Handleiding - EV Charging Station NS

3. Installatie

In deze sectie:

Dit product mag uitsluitend door gekwalificeerd personeel geïnstalleerd worden (gediplomeerde elektricien).

Het product is geschikt om op een wand of paal gemonteerd te worden (verticaal oppervlak). Het oppervlak moet in alle gevallen stevig en vlak zijn.

Voorzorgsmaatregelen

Let op

  • De AC ingang dient beschermd te zijn door een zekering of magnetische stroomonderbreker van 40 A of minder. De doorsnede van de kabel moet hieraan aangepast zijn. Als de AC-ingangsvoeding een lagere waarde heeft, dan moet de zekering of de magnetische stroomonderbreker dienovereenkomstig worden aangepast.

  • Een externe aardlekschakelaar is vereist.

  • We bevelen het gebruik van een aardlekschakelaar type B aan (controleer lokale wetgeving). Zorg ervoor dat de aardlekschakelaar overeenstemt met het maximaal gebruikte vermogen, d.w.z. gebruik een 40 A aardlekschakelaar type B als er vooral met 22 kW geladen wordt of overeenstemmend kleiner als er met minder vermogen geladen wordt.

  • De aanbevolen kernoppervlakte voor de kabel is 6 mm² / AWG 10.

  • Binnenin het apparaat bevindt zich een sticker waarop het model, het serienummer, het WiFi-wachtwoord en, afhankelijk van de productiedatum, de unieke Bluetooth-koppelingscode staan. Noteer het wachtwoord en de koppelingscode van het interne label, ter referentie. Dit aanvangswachtwoord dient zowel voor inloggen op de webpagina als voor de WiFi-verbinding.

  • De schroeven op de rugplaat horen met 1 à 1,2 Nm aangedraaid te worden.

  • Het oppervlak waarop het apparaat gemonteerd wordt moet in alle gevallen stevig en vlak zijn.

  • Zorg altijd voor de nieuwste versie van deze handleiding, die regelmatig bijgewerkt wordt en beschikbaar is op onze EV Charging Station website.

Stappen voor de installatie:

  1. Beslis of de voedingskabel vanaf de onderkant of vanaf de achterkant in het laadstation geleid moet worden.

  2. Verwijder de blauwe frontbedekking (2 schroeven aan de onderkant) van het laadstation.
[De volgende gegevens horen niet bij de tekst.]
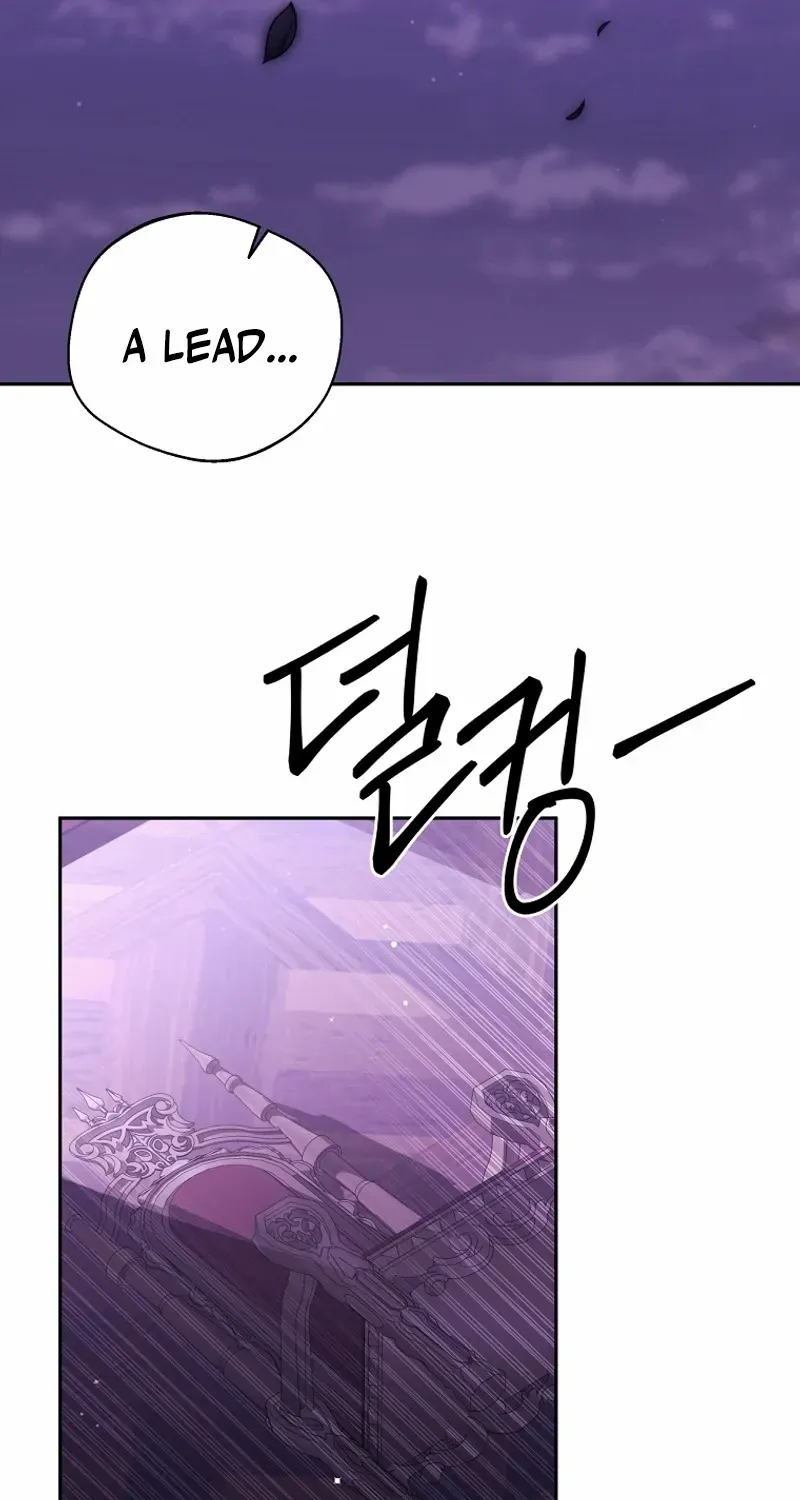 There Is No Need to be Obsessed with me Chapter 35 page 78 -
  3. Markeer de muur waar het gemonteerd moet worden met behulp van de bijgeleverde wandmontageplaat of het boorsjabloon in de bijlage.
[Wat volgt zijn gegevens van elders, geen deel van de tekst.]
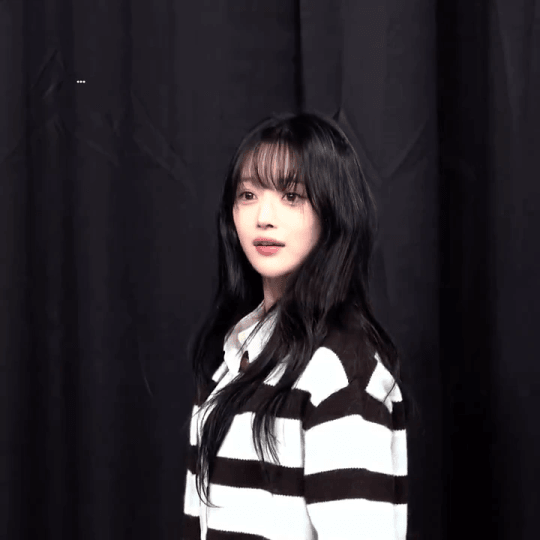 img.gif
  4. Boor 3 gaten met muurpluggen, klaar voor gebruik, raadpleeg het boorsjabloon in de bijlage.

  5. Meet een geschikte locatie en boor door de muur voor de kabel (als de hoofd-voedingskabel van binnen het gebouw komt). Let op dat, als de kabel vanaf de achterkant in plaats van de onderkant in het laadstation gevoed wordt, de opening overeenkomt met het boorsjabloon.

  6. Druk, afhankelijk van of de kabel van onderen of achteren geleid wordt, de geschikte opening uit voor de nylon wartel met een schroevendraaier of gebruik een boor van 28 mm en voer de nylon wartel er in. Bevestig, als de kabel vanuit de achterkant geleid wordt, in plaats hiervan de bijgeleverde rubberen plug en maak er een gaatje in, iets kleiner dan de voedingskabel, om een waterdichte verbinding te maken.

  7. Label elke individuele kabel en duw de kabel door de muur, de nylon wartel (of de rubberen plug), de pakkingring en in het laadstation.

  8. Sluit de kabeluiteinden af met adereinhulzen en verbind met de relevante punten.

  9. Gebruik, als dit een 1-fase installatie is, L1, nul en aarde aansluitingen.

  10. Draai de nylon wartel aan als er geïnstalleerd wordt vanuit de onderkant.

  11. Hang het apparaat over de wandmontageplaat en bevestig het met de twee schroeven binnenin het apparaat.

  12. Plaats de blauwe frontbedekking en bevestig het met de 2 schroeven aan de onderkant. Zorg ervoor dat het stevig vast zit.